WORK INSTRUCTION:
Start at the top of the records below and copy them exactly to the end.

Saved entries:
....

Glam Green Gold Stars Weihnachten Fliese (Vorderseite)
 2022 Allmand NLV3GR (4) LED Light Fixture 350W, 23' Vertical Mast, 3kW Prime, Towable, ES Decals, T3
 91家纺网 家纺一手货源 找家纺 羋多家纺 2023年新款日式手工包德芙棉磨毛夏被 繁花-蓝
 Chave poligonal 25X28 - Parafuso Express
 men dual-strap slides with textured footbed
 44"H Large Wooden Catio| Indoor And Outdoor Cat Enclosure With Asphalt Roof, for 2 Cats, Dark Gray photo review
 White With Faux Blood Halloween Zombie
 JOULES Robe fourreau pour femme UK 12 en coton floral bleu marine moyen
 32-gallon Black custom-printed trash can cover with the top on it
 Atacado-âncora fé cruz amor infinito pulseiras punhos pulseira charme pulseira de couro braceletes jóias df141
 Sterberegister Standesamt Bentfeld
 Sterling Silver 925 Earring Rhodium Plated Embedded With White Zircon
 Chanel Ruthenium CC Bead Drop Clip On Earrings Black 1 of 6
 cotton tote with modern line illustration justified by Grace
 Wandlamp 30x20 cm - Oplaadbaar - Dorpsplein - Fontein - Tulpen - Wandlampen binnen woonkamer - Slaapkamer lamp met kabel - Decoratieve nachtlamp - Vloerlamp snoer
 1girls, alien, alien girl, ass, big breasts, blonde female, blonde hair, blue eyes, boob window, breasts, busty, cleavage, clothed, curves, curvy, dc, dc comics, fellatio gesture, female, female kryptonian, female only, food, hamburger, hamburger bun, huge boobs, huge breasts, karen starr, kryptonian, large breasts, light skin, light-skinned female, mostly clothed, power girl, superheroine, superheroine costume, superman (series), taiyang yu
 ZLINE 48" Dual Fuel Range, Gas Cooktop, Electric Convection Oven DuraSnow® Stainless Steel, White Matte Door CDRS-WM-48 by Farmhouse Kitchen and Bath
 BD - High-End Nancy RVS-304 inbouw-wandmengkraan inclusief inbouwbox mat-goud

....

SOLUTION TO THIS EXERCISE:
Glam Green Gold Stars Weihnachten Fliese (Vorderseite)
 2022 Allmand NLV3GR (4) LED Light Fixture 350W, 23' Vertical Mast, 3kW Prime, Towable, ES Decals, T3
 91家纺网 家纺一手货源 找家纺 羋多家纺 2023年新款日式手工包德芙棉磨毛夏被 繁花-蓝
 Chave poligonal 25X28 - Parafuso Express
 men dual-strap slides with textured footbed
 44"H Large Wooden Catio| Indoor And Outdoor Cat Enclosure With Asphalt Roof, for 2 Cats, Dark Gray photo review
 White With Faux Blood Halloween Zombie
 JOULES Robe fourreau pour femme UK 12 en coton floral bleu marine moyen
 32-gallon Black custom-printed trash can cover with the top on it
 Atacado-âncora fé cruz amor infinito pulseiras punhos pulseira charme pulseira de couro braceletes jóias df141
 Sterberegister Standesamt Bentfeld
 Sterling Silver 925 Earring Rhodium Plated Embedded With White Zircon
 Chanel Ruthenium CC Bead Drop Clip On Earrings Black 1 of 6
 cotton tote with modern line illustration justified by Grace
 Wandlamp 30x20 cm - Oplaadbaar - Dorpsplein - Fontein - Tulpen - Wandlampen binnen woonkamer - Slaapkamer lamp met kabel - Decoratieve nachtlamp - Vloerlamp snoer
 1girls, alien, alien girl, ass, big breasts, blonde female, blonde hair, blue eyes, boob window, breasts, busty, cleavage, clothed, curves, curvy, dc, dc comics, fellatio gesture, female, female kryptonian, female only, food, hamburger, hamburger bun, huge boobs, huge breasts, karen starr, kryptonian, large breasts, light skin, light-skinned female, mostly clothed, power girl, superheroine, superheroine costume, superman (series), taiyang yu
 ZLINE 48" Dual Fuel Range, Gas Cooktop, Electric Convection Oven DuraSnow® Stainless Steel, White Matte Door CDRS-WM-48 by Farmhouse Kitchen and Bath
 BD - High-End Nancy RVS-304 inbouw-wandmengkraan inclusief inbouwbox mat-goud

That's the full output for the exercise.